The Sweetheart Dance

The Sweetheart Dance
From the Horizons Room (4-5 yrs)

The day had finally come! The Horizons room had been preparing for the Sweetheart Dance for weeks. The children had proudly made invitations, decorating and hand-writing notes that were sent to their families. They also sent invitations to their senior friends at the Gatesworth community, whom they had been visiting throughout the year. The children had even decorated the room with handmade paper chains and hearts, as well as prepared snacks to share with their visitors. Now the only thing left to do was enjoy the day with their families, teachers, and friends! Several girls enjoyed twirling around gracefully in ball gowns, while the boys mischievously scampered around the room teasing the girls. When one of their classmates became upset, several children gathered around and helped comfort their friend. At the end of the day, the Horizons class came together to make the Sweetheart Dance a great success!

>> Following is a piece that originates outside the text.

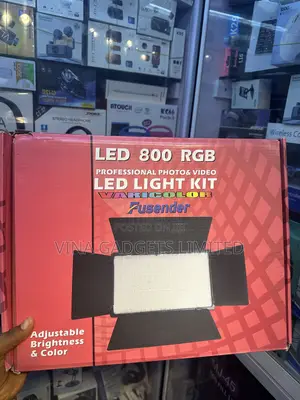 LED 800 Light RGB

Values and Character Development: Compassion and empathy are two essential parts of a person’s character. The children showed their appreciation to both their families and the seniors by inviting them to the dance and preparing for the event. In this way, these preschoolers acted compassionately by thinking about their guests’ needs and showing gratitude for all they had done for them. They also empathized with a fellow classmate who was upset and showed compassion by comforting their friend.

Literacy Development: Writing is a very important early literacy skill. By making their own invitations, the children explored how to use written language to communicate with others and share ideas. These emergent literacy skills will be extremely helpful as they continue in their development and education.

Psychodynamic Development: As children enter the preschool age, they become better able to take initiative. In this case, the Horizons class stepped outside of their own perspectives and took the initiative to organize and host a party for their families and friends. As children become more social, they gain the ability to understand group and cooperative play. This coincides with the decrease in egocentrism that children usually experience as they enter the late preschool years.

Children at this age also begin to identify themselves as boys and girls, taking on and experimenting with traditional gender roles. Here, the girls dressed up in dresses and danced gracefully, comfortable with their developing femininity. The boys’ excess energy in this situation demonstrated their discomfort with the increasing gender difference. This is an identity dilemma that these children will revisit during adolescence.